Martin w Borodziance spotkał się z merem miejscowości. Obejrzał też zniszczone bombardowaniami budynki mieszkalne. Szef rządu Irlandii spotka się podczas wizyty na Ukrainie z prezydentem Wołodymyrem Zełenskim.

"Naród irlandzki wspiera Ukrainę i jej naród w obliczu rosyjskiej, niemoralnej i niesprowokowanej rosyjskiej wojny terroru. Nie ma różnicy między bombardowaniami i atakami na cywilów a zbrodniami wojennymi. Wykorzystam moją wizytę, by wyrazić wsparcie Irlandii dla działań na rzecz pociągnięcia do pełnej odpowiedzialności osób odpowiedzialnych za te ataki" - mówił premier na początku wizyty.

Martin zapewnił, że jego kraj będzie wspierał Ukrainę na drodze do członkostwa w UE. Irlandia nadal też będzie pomagała cywilom uciekającym przed wojną - zapowiedział. Wartość irlandzkiej pomocy humanitarnej dla Ukrainy to 20 mln euro, ponadto Irlandia przekazała sprzęt medyczny i inną pomoc medyczną o wartości 4,5 mln euro - podał dziennik "Guardian".

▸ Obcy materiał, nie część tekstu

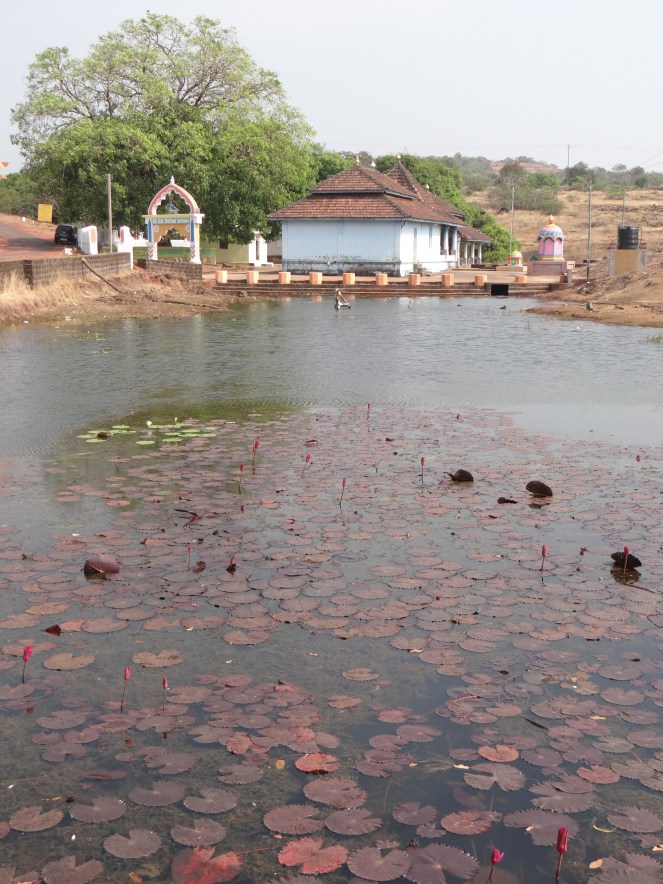 A typical Temple Tank in Western Ghats has a huge cultural and ecological significance Photo: Parineeta Dandekar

Położona kilkadziesiąt kilometrów na północny zachód od Kijowa Borodzianka leżała na jednej z głównych linii natarcia sił rosyjskich, starających się podejść pod ukraińską stolicę od strony Białorusi. W początkowej fazie rozpoczętej 24 lutego rosyjskiej inwazji licząca ok. 12,5 tys. mieszkańców Borodzianka była wielokrotnie ostrzeliwana i bombardowana. W nalotach lotniczych 1 i 2 marca, których celem były bloki mieszkalne, zginęło co najmniej 40 osób. Później Borodziankę zajęły wojska rosyjskie, po ich wycofaniu się siły ukraińskie 1 kwietnia odzyskały kontrolę nad miasteczkiem.